Varghese Ann, Liu Jie, Patterson Tucker A, Hong Huixiao
National Center for Toxicological Research, U.S. Food and Drug Administration, Jefferson, AR 72079, USA.
Molecules. 2025 Jul 16;30(14):2985. doi: 10.3390/molecules30142985.

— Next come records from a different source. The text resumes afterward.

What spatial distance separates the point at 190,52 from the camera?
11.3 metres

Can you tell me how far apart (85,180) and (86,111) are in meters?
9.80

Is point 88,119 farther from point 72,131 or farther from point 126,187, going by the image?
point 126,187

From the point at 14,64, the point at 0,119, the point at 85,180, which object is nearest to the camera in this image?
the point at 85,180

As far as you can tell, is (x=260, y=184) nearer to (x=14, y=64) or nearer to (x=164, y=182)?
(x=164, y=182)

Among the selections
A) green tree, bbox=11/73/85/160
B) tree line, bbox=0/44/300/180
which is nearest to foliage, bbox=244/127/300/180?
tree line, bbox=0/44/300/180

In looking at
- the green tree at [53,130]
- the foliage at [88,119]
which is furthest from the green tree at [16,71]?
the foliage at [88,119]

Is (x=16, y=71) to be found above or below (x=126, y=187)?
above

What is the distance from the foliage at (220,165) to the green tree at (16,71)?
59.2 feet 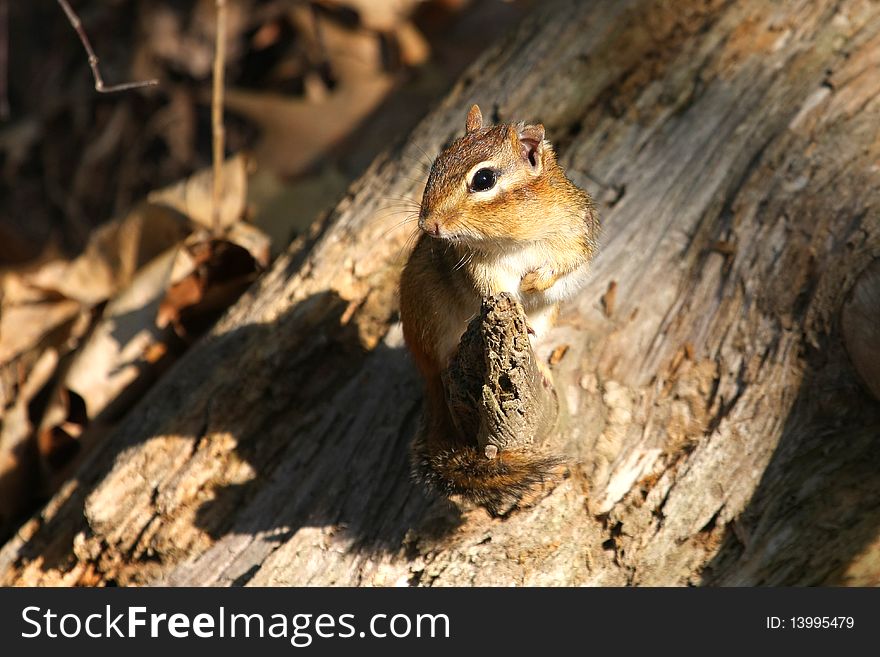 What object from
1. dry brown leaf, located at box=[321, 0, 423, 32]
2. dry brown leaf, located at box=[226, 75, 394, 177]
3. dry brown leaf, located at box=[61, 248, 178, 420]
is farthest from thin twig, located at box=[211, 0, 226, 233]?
dry brown leaf, located at box=[321, 0, 423, 32]

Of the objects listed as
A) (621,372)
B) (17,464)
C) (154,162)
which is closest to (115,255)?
(17,464)

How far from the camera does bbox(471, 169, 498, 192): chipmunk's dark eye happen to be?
8.31 ft

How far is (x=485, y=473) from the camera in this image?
2.49 m

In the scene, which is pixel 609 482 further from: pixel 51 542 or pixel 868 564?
pixel 51 542

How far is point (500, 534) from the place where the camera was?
8.81ft

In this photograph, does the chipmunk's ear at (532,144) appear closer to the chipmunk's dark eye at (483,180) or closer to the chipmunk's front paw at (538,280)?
the chipmunk's dark eye at (483,180)

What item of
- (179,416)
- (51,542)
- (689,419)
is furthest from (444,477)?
(51,542)

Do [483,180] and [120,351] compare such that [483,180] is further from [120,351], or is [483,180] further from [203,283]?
[120,351]

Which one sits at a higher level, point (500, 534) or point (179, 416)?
point (179, 416)

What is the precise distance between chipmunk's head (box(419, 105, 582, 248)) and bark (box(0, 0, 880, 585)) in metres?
0.52

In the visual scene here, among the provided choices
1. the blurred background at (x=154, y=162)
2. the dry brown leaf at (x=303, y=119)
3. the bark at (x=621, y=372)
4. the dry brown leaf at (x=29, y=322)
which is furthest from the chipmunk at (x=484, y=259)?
the dry brown leaf at (x=303, y=119)

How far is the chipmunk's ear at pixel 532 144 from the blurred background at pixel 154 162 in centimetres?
82

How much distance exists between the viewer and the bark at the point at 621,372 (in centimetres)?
278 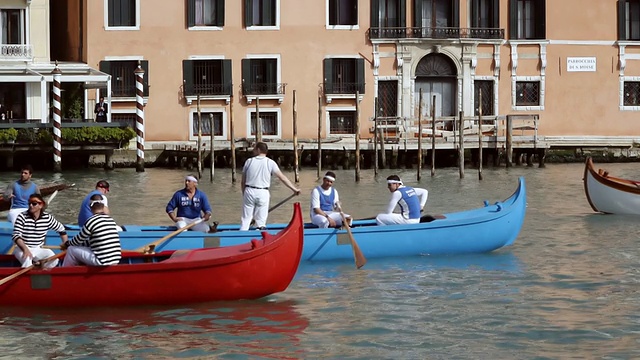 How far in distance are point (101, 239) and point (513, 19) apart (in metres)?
27.6

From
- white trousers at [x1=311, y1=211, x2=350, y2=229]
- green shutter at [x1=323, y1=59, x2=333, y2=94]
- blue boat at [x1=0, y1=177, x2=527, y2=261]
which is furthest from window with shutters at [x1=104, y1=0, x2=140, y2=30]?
white trousers at [x1=311, y1=211, x2=350, y2=229]

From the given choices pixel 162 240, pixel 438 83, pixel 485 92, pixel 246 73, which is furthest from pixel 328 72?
pixel 162 240

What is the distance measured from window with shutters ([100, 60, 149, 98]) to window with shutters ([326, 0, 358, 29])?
5445 mm

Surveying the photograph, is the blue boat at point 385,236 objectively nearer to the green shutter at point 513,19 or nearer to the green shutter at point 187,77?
the green shutter at point 187,77

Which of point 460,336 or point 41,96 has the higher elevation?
point 41,96

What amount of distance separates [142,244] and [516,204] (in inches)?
189

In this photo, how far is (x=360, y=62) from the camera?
3741 centimetres

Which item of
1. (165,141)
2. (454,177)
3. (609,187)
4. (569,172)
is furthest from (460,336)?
(165,141)

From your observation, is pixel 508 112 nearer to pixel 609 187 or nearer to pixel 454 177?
pixel 454 177

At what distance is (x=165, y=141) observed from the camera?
36781 mm

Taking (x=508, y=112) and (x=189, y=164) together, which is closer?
(x=189, y=164)

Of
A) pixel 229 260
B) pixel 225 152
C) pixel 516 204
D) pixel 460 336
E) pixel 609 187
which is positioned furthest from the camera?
pixel 225 152

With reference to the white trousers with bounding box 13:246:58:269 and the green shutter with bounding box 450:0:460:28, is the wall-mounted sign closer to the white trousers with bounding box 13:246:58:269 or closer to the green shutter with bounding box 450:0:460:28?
the green shutter with bounding box 450:0:460:28

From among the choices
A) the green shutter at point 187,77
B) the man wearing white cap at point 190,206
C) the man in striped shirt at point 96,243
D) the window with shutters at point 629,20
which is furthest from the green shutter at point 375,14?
the man in striped shirt at point 96,243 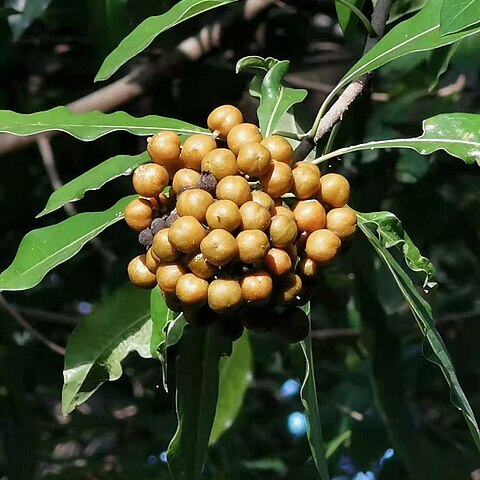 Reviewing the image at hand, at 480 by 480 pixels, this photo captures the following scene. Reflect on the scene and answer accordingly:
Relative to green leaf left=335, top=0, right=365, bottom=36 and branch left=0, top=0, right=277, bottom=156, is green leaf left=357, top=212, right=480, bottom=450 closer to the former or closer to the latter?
green leaf left=335, top=0, right=365, bottom=36

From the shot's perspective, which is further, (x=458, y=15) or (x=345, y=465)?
(x=345, y=465)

Coronavirus disease 2019 (COVID-19) produced devastating health and economic impacts worldwide. While progress has been made in vaccine development, effective antiviral treatments remain limited, particularly those targeting the papain-like protease (PLpro) of SARS-CoV-2. PLpro plays a key role in viral replication and immune evasion, making it an attractive yet underexplored target for drug repurposing. In this study, we combined machine learning, molecular dynamics, and molecular docking to identify potential PLpro inhibitors in existing drugs. We performed long-timescale molecular dynamics simulations on PLpro-ligand complexes at two known binding sites, followed by structural clustering to capture representative structures. These were used for molecular docking, including a training set of 127 compounds and a library of 1107 FDA-approved drugs. A random forest model, trained on the docking scores of the representative conformations, yielded 76.4% accuracy via leave-one-out cross-validation. Applying the model to the drug library and filtering results based on prediction confidence and the applicability domain, we identified five drugs as promising candidates for repurposing for COVID-19 treatment. Our findings demonstrate the power of integrating computational modeling with machine learning to accelerate drug repurposing against emerging viral targets.
2019冠状病毒病(COVID-19)在全球范围内造成了毁灭性的健康和经济影响。虽然疫苗研发取得了进展,但有效的抗病毒治疗方法仍然有限,尤其是针对严重急性呼吸综合征冠状病毒2(SARS-CoV-2)木瓜样蛋白酶(PLpro)的治疗方法。PLpro在病毒复制和免疫逃逸中起关键作用,使其成为药物重新利用的一个有吸引力但尚未充分探索的靶点。在本研究中,我们结合机器学习、分子动力学和分子对接,在现有药物中识别潜在的PLpro抑制剂。我们在两个已知结合位点对PLpro-配体复合物进行了长时间尺度的分子动力学模拟,随后进行结构聚类以捕获代表性结构。这些结构用于分子对接,包括一个由127种化合物组成的训练集和一个包含1107种美国食品药品监督管理局(FDA)批准药物的文库。基于代表性构象的对接分数训练的随机森林模型,通过留一法交叉验证获得了76.4%的准确率。将该模型应用于药物文库,并根据预测置信度和适用域对结果进行筛选,我们确定了五种药物作为COVID-19治疗重新利用的有希望的候选药物。我们的研究结果证明了将计算建模与机器学习相结合以加速针对新兴病毒靶点的药物重新利用的能力。